Almost half a million people have now died from Covid-19 in the United States. Yesterday, in Visualizing Half a Million Deaths, I looked at how data journalists at the New York Times and the Washington Post have attempted to visualize the scale of the tragedy experienced over the last year.
Both the NYT and the Post have created data visualizations which attempt to portray the scale of half a million deaths to their readers. In 500,000 Lives Lost NBC News has taken a different approach, using an interactive map to visualize where those 500,000 victims of Covid lived. The map plots half a million red dots, each dot representing one death from the coronavirus.
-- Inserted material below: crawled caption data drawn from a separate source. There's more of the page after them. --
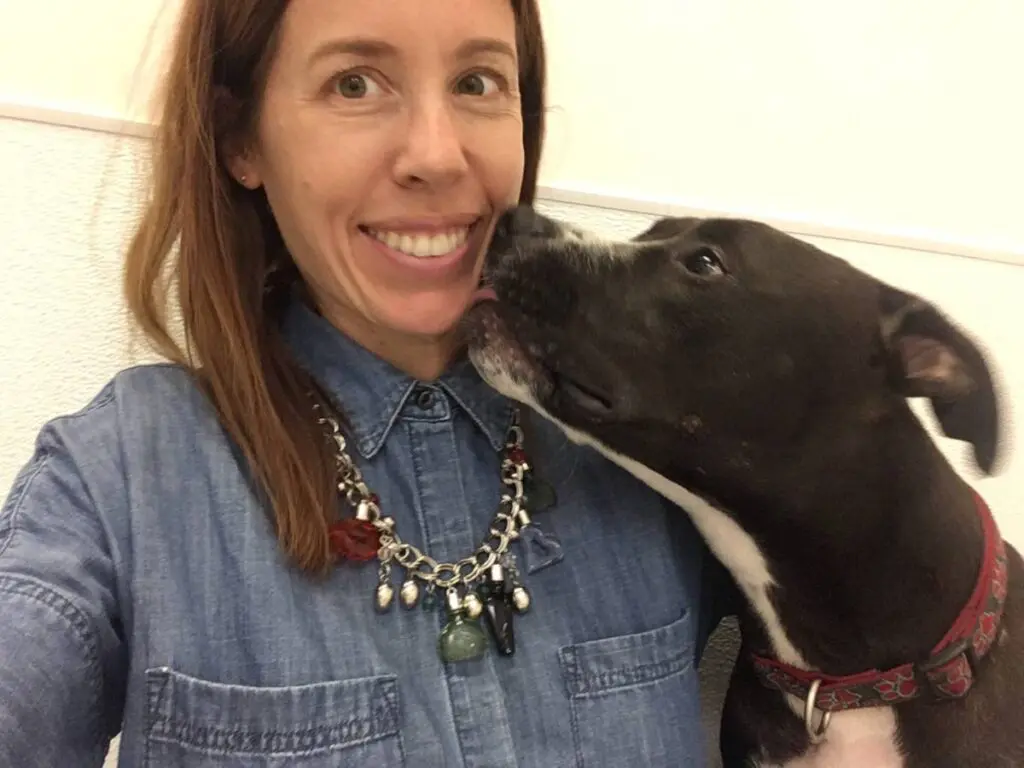 shelter animals image - woman taking a selfie of her and a dog who's licking her face.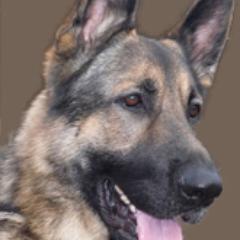 Our aim is to promote the creation and recognition of a breed of dog to be called the Alsatian in the UK
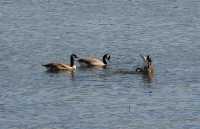 048 Yellowstone River (Bernaches)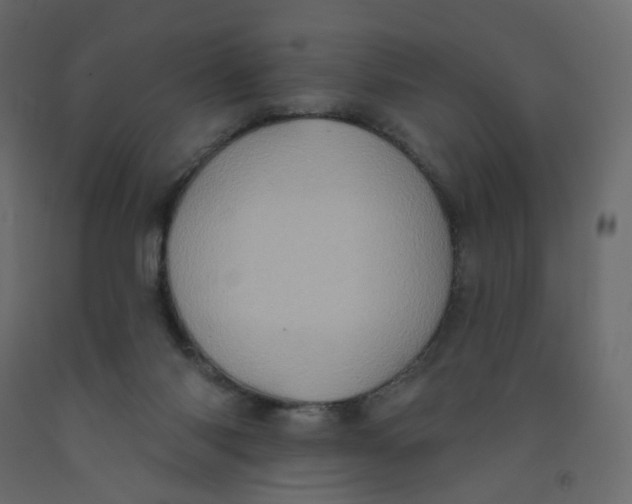 X0000092110118200710101151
The map includes a scollytelling element which provides a chronological view of the spread of Covid-19 across the United States over the last year - beginning with the first reported U.S. death in Washington state on Feb. 29th 2020 (although it was later revealed that the first Covid-19 death occurred a few weeks earlier in Santa Clara, California). As you scroll through the story the map moves to different locations to explore where significant outbreaks have happened during the course of the pandemic.
If you scroll to the end of NBC's story you can actually explore the map for yourself. Enter an address or zip-code and you can view the number of deaths at your chosen location via the density of red dots on the map. The dots don't reveal the actual addresses of individual victims of Covid-19. The location of the dots are randomized within each census block area.